Two-year renewal of predeductible HDHP telehealth coverage now law 

January 11, 2023

A two-year extension of COVID-19 telehealth relief for health savings account (HSA)-qualifying high-deductible health plans (HDHPs) became law on Dec. 29, 2022, as part of a government spending package, the 2023 Consolidated Appropriations Act (Pub. L. No. 117-328, see Section 4151). The legislation extends through plan years beginning in 2023 and 2024 the telehealth relief originally provided in the 2020 Coronavirus Aid, Relief and Economic Security (CARES) Act (Pub. L. No. 116-136). Congress initially granted the relief for plan years starting on or before Dec. 31, 2021, and renewed it in the 2022 Consolidated Appropriations Act (Pub. L. No. 117-103) for April 1 through Dec. 31, 2022. Without a permanent or another temporary extension, the current telehealth relief will expire on Dec. 31, 2024, for calendar-year plans (later for noncalendar-year plans).

Relief applies to HSA-qualifying HDHPs

The relief allows HSA-qualifying HDHPs to cover telehealth and other remote care services on a predeductible basis. In addition, an otherwise HSA-eligible individual can receive predeductible coverage for telehealth and other remote care services from a stand-alone vendor outside of the HDHP. In both cases, the predeductible telehealth coverage won’t jeopardize an individual’s eligibility to make or receive HSA contributions.
 

However, instead of beginning on Jan. 1, 2023, the extended relief takes effect for plan years beginning after Dec. 31, 2022, leaving a gap for noncalendar-year plans from Jan. 1, 2023, until the 2023 plan year begins. For example, a noncalendar-year HDHP that initially adopted the relief for the July 1, 2021–June 30, 2022, plan year (per the CARES Act), then extended the relief through Dec. 31, 2022 (per the 2022 CAA), and wants to continue that relief into 2023 (per the 2023 CAA) will have a gap from Jan. 1–June 30, 2023. That’s because the 2022 CAA relief applied only for the calendar months of April–December 2022 (rather than on a plan-year basis), and the 2023 CAA relief applies only to plan years beginning after Dec. 31, 2022.

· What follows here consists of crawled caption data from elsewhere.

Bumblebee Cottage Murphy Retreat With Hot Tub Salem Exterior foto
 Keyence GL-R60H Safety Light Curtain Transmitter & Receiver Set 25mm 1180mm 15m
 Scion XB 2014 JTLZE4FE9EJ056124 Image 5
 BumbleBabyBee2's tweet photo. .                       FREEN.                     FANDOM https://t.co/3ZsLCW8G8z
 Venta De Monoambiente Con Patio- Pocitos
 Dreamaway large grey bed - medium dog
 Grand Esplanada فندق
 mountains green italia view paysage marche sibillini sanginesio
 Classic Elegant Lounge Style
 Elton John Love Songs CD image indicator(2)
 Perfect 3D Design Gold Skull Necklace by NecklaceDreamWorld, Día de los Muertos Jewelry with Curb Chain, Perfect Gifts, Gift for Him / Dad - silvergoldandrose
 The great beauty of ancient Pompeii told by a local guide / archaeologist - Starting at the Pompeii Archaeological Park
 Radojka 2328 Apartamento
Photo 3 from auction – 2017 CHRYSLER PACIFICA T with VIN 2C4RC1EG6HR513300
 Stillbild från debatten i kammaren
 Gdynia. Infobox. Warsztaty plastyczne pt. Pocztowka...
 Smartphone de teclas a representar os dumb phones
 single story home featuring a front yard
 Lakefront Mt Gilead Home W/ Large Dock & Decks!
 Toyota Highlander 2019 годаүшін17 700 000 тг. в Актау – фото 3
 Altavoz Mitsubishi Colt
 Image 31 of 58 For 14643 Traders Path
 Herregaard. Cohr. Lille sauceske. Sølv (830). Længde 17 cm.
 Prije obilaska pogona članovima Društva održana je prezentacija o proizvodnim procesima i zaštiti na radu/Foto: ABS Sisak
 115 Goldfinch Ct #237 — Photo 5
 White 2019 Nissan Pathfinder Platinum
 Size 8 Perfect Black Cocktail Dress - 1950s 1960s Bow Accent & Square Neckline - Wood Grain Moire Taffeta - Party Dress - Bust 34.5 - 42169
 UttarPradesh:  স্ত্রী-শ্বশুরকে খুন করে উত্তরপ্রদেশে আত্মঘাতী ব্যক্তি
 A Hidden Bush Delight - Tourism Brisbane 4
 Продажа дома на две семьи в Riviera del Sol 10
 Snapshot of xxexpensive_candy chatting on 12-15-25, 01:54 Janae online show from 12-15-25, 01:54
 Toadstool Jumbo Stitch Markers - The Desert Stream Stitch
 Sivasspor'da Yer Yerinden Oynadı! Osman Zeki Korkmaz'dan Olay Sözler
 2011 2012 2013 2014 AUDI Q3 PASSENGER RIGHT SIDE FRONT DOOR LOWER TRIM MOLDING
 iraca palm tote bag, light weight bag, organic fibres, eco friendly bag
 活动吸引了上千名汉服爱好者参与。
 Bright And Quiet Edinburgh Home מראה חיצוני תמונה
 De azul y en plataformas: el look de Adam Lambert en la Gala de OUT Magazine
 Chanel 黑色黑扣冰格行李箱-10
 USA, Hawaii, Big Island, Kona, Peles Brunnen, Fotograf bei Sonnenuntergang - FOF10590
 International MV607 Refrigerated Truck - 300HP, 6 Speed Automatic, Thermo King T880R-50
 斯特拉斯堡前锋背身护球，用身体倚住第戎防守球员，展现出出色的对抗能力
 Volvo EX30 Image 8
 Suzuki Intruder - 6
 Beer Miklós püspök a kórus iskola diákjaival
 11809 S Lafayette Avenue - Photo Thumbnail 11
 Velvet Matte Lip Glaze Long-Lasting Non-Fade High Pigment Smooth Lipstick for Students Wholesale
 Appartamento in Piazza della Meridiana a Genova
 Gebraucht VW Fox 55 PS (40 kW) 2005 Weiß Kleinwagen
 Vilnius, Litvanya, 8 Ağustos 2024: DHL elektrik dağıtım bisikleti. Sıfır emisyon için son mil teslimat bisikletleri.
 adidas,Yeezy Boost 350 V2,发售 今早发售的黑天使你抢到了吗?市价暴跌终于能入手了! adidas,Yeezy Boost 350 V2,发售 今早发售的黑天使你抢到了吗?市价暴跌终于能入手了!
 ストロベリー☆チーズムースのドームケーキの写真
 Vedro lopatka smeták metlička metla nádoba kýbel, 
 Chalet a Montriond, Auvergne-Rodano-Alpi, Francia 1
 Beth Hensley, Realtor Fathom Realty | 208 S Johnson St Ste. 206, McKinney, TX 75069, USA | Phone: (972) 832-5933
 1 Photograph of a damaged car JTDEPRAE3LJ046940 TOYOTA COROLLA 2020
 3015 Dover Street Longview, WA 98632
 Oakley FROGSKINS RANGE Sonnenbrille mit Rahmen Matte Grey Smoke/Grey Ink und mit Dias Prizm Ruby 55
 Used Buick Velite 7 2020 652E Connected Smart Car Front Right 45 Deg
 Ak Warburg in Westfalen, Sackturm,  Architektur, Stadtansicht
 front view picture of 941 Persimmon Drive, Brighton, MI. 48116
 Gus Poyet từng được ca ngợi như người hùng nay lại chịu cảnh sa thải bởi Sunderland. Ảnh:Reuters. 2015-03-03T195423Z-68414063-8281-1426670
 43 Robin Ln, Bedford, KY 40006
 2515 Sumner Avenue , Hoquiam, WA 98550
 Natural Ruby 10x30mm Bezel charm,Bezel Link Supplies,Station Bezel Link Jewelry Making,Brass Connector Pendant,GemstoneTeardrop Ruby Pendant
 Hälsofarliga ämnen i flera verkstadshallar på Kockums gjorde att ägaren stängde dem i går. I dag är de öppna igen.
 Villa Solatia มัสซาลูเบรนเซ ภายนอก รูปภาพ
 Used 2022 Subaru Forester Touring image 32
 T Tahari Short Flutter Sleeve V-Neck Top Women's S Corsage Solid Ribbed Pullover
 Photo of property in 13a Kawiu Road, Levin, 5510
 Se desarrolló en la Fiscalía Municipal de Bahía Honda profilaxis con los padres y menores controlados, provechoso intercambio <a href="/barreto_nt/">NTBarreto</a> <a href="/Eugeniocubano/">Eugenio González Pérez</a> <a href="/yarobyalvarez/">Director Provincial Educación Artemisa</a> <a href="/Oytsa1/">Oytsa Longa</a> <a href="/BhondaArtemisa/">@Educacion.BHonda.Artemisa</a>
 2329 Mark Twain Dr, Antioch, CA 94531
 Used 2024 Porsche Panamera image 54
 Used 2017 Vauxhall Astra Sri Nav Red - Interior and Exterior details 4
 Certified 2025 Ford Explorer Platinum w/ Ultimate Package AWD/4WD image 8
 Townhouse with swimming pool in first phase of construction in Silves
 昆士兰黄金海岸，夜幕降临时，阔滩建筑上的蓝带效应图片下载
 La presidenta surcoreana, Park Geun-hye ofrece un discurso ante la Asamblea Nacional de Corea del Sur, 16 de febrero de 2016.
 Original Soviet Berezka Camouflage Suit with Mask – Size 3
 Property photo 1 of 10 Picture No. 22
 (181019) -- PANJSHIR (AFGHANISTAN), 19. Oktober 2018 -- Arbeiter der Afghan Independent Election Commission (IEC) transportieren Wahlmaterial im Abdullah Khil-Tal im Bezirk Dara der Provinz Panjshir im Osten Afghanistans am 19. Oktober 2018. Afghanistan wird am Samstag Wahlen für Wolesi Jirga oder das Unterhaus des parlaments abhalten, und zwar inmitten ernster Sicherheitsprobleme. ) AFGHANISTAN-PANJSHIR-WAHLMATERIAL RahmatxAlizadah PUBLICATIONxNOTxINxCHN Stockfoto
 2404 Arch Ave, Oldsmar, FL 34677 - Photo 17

Outlook for further telehealth relief

Mercer and many other organizations will continue to urge Congress to make this telehealth/HDHP relief permanent, as proposed in last Congress’s bipartisan Telehealth Expansion Act (HR 5981 and S 1704). Telehealth has earned broad bipartisan support in Congress and among Americans, but lawmakers’ concerns about potentially higher costs and increased fraud have hindered expansion and more generous relief.
 

Congress did not extend the temporary telehealth policy provided by regulators for the duration of any plan year beginning before the end of the COVID-19 public health emergency (PHE). That policy treats telehealth and remote care services like an excepted benefit, eliminating the need for the coverage to comply with many ERISA and Affordable Care Act (ACA) group health plan mandates (e.g., first-dollar coverage of ACA-mandated preventive care). This temporary policy allows employers to offer telehealth arrangements only to benefits-ineligible employees like part-time or seasonal workers.
 

Mercer will continue to work with the plan sponsor community and the new Congress to make the telehealth policy permanent and more expansive. Unlike the current temporary policy, legislation (HR 7353) expected to be reintroduced in the new Congress would let all employers, regardless of size, offer excepted-benefit stand-alone telehealth arrangements to all employees (including benefit-eligible opt-outs), not just those ineligible for benefits.
 

The potential end of the PHE this year could spur lawmakers to action. The Biden administration just renewed the PHE until April 11, 2023, but could consider ending it at that point or shortly thereafter. Discontinuation of the PHE would end several other temporary employer plan flexibilities in addition to telehealth excepted-benefit status. The administration has said it would give 60 days’ notice before terminating the PHE (or letting it expire).  
 

Other group health plan proposals left out of the year-end spending measure are likely to be taken up this year. Those proposals include new transparency requirements for pharmacy benefit managers (PBMs), caps on consumers’ out-of-pocket costs for insulin, a requirement for employer plans to cover kidney dialysis benefits on par with benefits for other chronic medical conditions, and new authority for the Labor Department to impose civil monetary penalties for mental health parity violations.